Wellbourne Brasserie

Wellbourne Brasserie, located in the heart of White City Place, features a unique all-day dining menu designed by head chefs Ross Gibbens and Michael Kennedy. Formerly Head Chef and Senior Sous Chef of Dabbous, respectively, Gibbens has also worked at Launceston Place and two Michelin-started venues such as Le Manoir aux Quat’Saisons, The Square and The Vineyard in Berkshire, and it was at Launceston Place where the pair first met.

The all-day menu begins with breakfast choices, moving onto lunch and then dinner, with the dinner options proving to be simple yet refined. The Brasserie and Bar area collectively accommodates about 70 covers, but it was the al fresco terrace area which worked a treat on a sunny summer’s evening. But the location itself in White City Place is somewhat off the beaten track and slightly hidden away, so it feels more like a neighbourhood spot than a venue that can be easily reached after a bout of shopping at Westfield’s.

We went for dinner and began our meal with a trio of vol-au-vents. Seemingly a dish from the past, it happened to be one of the specialties of the house and were filled with contemporary fillings such as broad beans, ewe’s cheese & mint; salted cod brandade and pulled lamb shoulder with violet mustard. All the fillings were delicious and were encased in a perfectly flaky pastry (1 for £2.5, 2 for £4.5 or 3 for £6).

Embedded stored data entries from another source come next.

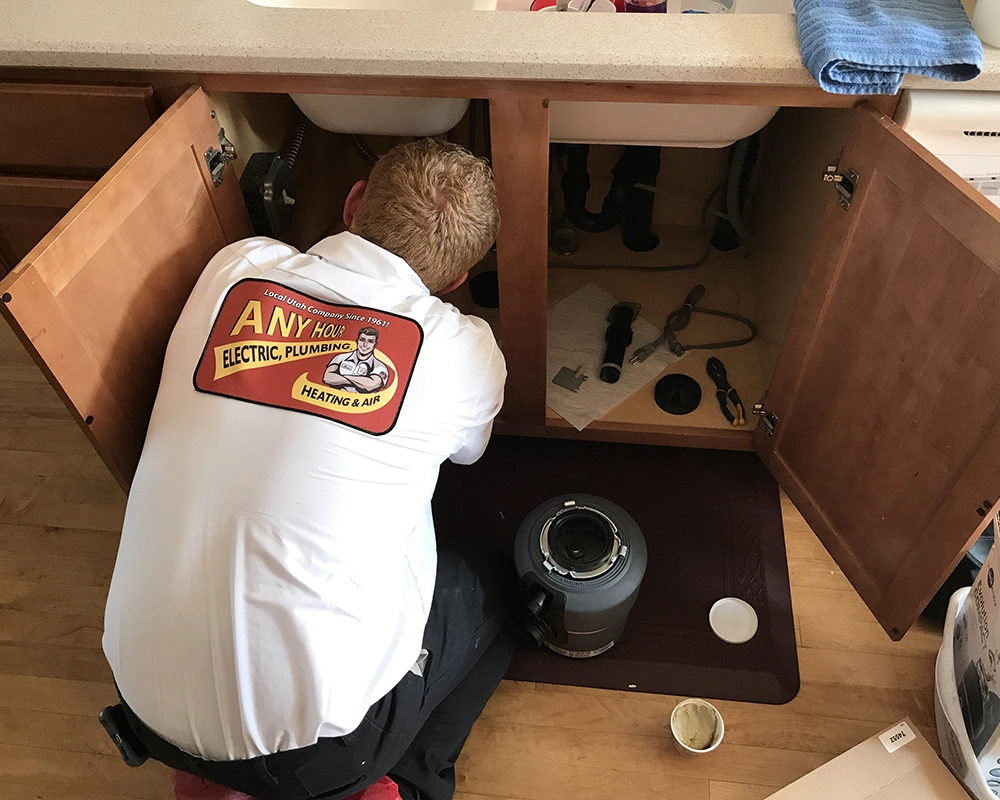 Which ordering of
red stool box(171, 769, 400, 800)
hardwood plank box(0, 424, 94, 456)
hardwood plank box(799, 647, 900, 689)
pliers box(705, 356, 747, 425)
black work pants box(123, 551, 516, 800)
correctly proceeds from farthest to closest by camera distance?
hardwood plank box(0, 424, 94, 456) → pliers box(705, 356, 747, 425) → hardwood plank box(799, 647, 900, 689) → red stool box(171, 769, 400, 800) → black work pants box(123, 551, 516, 800)

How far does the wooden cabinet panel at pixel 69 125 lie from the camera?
1.06m

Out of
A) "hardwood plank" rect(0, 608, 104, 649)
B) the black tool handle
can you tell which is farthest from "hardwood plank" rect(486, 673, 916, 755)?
"hardwood plank" rect(0, 608, 104, 649)

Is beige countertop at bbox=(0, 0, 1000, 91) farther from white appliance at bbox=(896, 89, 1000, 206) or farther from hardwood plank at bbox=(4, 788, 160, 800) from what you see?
hardwood plank at bbox=(4, 788, 160, 800)

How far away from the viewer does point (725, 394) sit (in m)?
1.50

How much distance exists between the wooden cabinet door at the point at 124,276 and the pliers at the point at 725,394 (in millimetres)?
940

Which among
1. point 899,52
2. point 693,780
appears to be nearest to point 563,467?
point 693,780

Wellbourne Brassiere - London Food Blog - Vol-au-vents

Wellbourne Brassiere – Vol-au-vents

The list of starters was quite compelling and there was a huge temptation to try more than one each. We ordered three to share. First was the chicken liver parfait with toast, grape chutney and white balsamic (£7). The presentation was tasteful and the parfait itself was velvety and creamy. The white balsamic jelly layered on top of the parfait was however slightly overpowering against the parfait so perhaps the grape chutney alone would have been enough to complete the combination as the acidity element of the dish.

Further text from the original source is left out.